Source material
↓↓↓

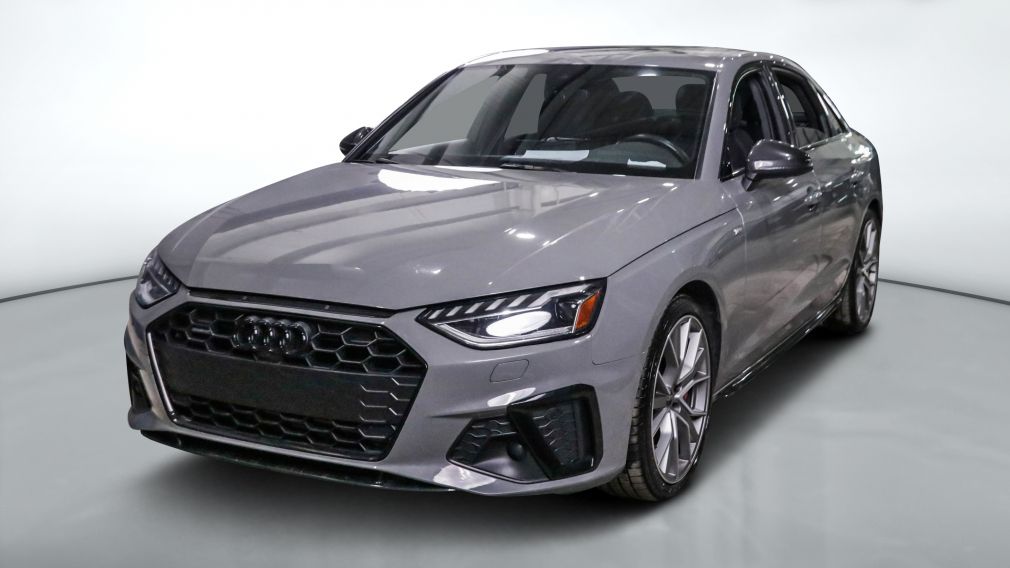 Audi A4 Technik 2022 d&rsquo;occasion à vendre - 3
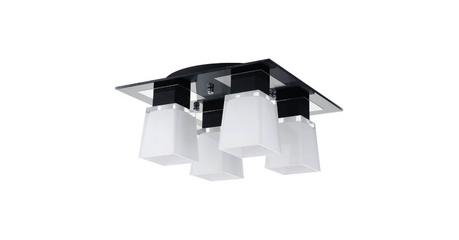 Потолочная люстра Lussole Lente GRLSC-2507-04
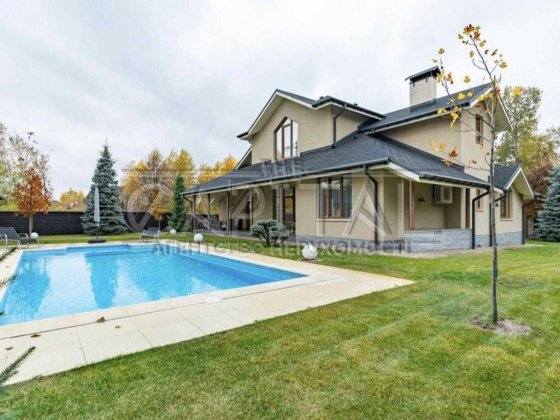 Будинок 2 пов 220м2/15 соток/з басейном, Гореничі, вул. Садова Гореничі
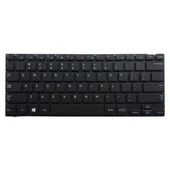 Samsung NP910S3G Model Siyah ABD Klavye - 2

↑↑↑

Exercise prompt
In full and without change, repeat the material above, minus the pictures.

Result for this exercise
 Audi A4 Technik 2022 d&rsquo;occasion à vendre - 3
 Потолочная люстра Lussole Lente GRLSC-2507-04
 Будинок 2 пов 220м2/15 соток/з басейном, Гореничі, вул. Садова Гореничі
 Samsung NP910S3G Model Siyah ABD Klavye - 2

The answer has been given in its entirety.